I'm assuming here that you are referring to things like Shift-JIS and
ISO-8859-1 as character sets, right?
Questions (based on that assumption):
[*Note: assume everywhere below that the strings in question are not
explicitly language-tagged (or, are tagged with "Dunno"--however it's
supposed to work).]
1) ISO-8859-1 is used to represent text in several different languages,
including German and Swedish. German and Swedish differ in their sort
order, even for things they have in common. (For example, ö
(o-with-diaeresis) is considered a separate letter in Swedish, but is
just a accented "o" in German.) So (assuming my strings aren't
explicitly langauge-tagged, or are tagged with "Dunno"), what sort
order does ISO-8859-1 define? I'm not sure whether the national
standards themselves actually define a sort order, so are we going to
define one for every "character set"? In addition, many languages can
be represented in several different "character set", so that seems to
mean that the sort order for "öut" v. "out" will vary, depending on the
"character set" used for those strings?
2) In light of the above, how do you sort an array of strings, assuming
they're not all in the same "character set"?
3) If the answer to (2) is "you must upgrade them all to UTF-8", then
that means that the sort order for an array might totally change when
you add one new member, right? If the answer is, "for a given pair,
when you compare them during sorting, only upgrade if their character
sets don't match", then you open the door to non-convergent sorting
(ie, the sort might never finish).
My worry here is that if the semantics of the Latin Capital Letter A
("A"), for example (or pick any other character), are allowed to differ
between different "character sets", then we'll have problems for any
binary string operation.
JEff
National standards yes, ISO 8859 (and the like) not. In other words,
sorting standards exist, but they have (quite rightly) nothing to do
with sorting standards. Real life sorting is messy (multiple passes,
some parts may be ignored in some passes, acronyms, etc.) and worlds
apart from "let's compare the bytes one by one" or even from "let's
compare code points" or even from "let's compare grapheme (clusters)".
> define one for every "character set"? In addition, many languages can
> be represented in several different "character set", so that seems to
> mean that the sort order for "öut" v. "out" will vary, depending on the
> "character set" used for those strings?
FWIW, I think binding language to strings is a Mistake. But I have
decided to give up trying to argue anymore about it since Dan seems
to be convinced that it will solve some problems.
Larry
Sort of. Shift-JIS is actually both a character
set and an encoding, which makes life a bit
confusing if not downright annoying.
>Questions (based on that assumption):
>
>[*Note: assume everywhere below that the strings
>in question are not explicitly language-tagged
>(or, are tagged with "Dunno"--however it's
>supposed to work).]
>
>1) ISO-8859-1 is used to represent text in
>several different languages, including German
>and Swedish. German and Swedish differ in their
>sort order, even for things they have in common.

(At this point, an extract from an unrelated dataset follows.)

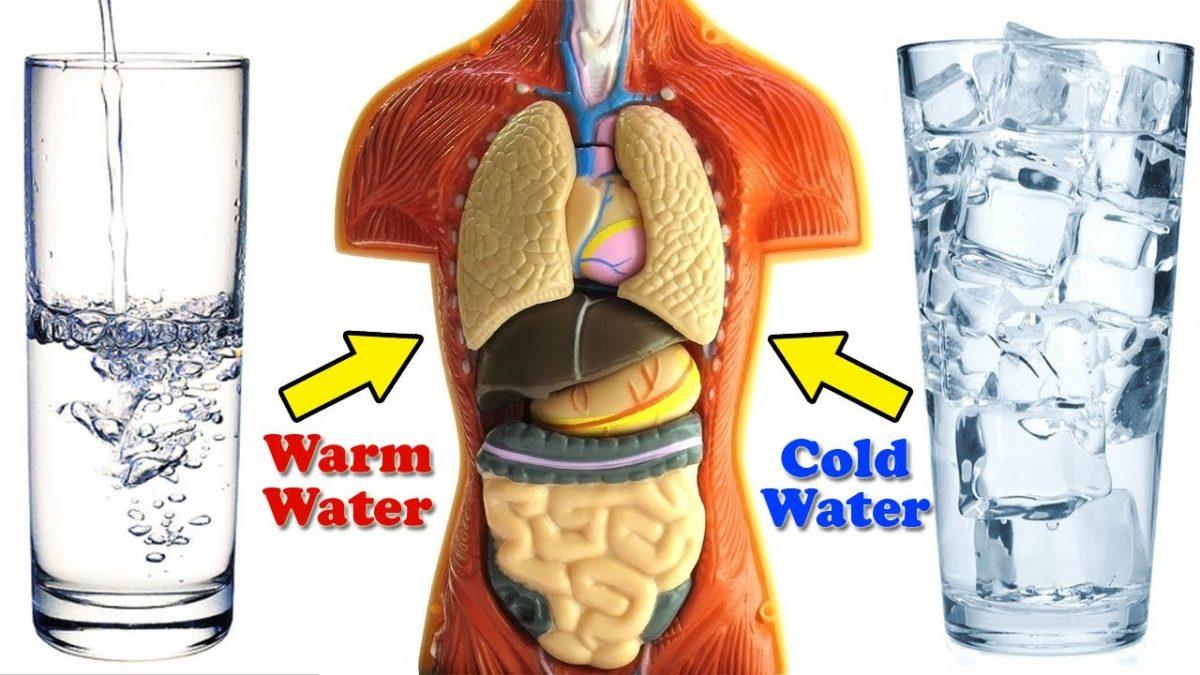 What Are the Benefits of Drinking Cold Water?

>(For example, ö (o-with-diaeresis) is considered
>a separate letter in Swedish, but is just a
>accented "o" in German.) So (assuming my strings
>aren't explicitly langauge-tagged, or are tagged
>with "Dunno"), what sort order does ISO-8859-1
>define? I'm not sure whether the national
>standards themselves actually define a sort
>order, so are we going to define one for every
>"character set"? In addition, many languages can
>be represented in several different "character
>set", so that seems to mean that the sort order
>for "öut" v. "out" will vary, depending on the
>"character set" used for those strings?
That's possible, yes.
Each character set has a default sort ordering
(amongst other things), which will be used in the
absence of overriding data.
>2) In light of the above, how do you sort an
>array of strings, assuming they're not all in
>the same "character set"?
You don't. Cross-set comparisons aren't
valid--either the strings get promoted to a
common set or an exception is thrown. Throwing an
exception will be the default.
>3) If the answer to (2) is "you must upgrade
>them all to UTF-8", then that means that the
>sort order for an array might totally change
>when you add one new member, right? If the
>answer is, "for a given pair, when you compare
>them during sorting, only upgrade if their
>character sets don't match", then you open the
>door to non-convergent sorting (ie, the sort
>might never finish).
Yep, that is a potential problem. The likely
case, though, is that adding a string of a
different type (character set or language) makes
sorting impossible and pitches an exception
instead.
>My worry here is that if the semantics of the
>Latin Capital Letter A ("A"), for example (or
>pick any other character), are allowed to differ
>between different "character sets", then we'll
>have problems for any binary string operation.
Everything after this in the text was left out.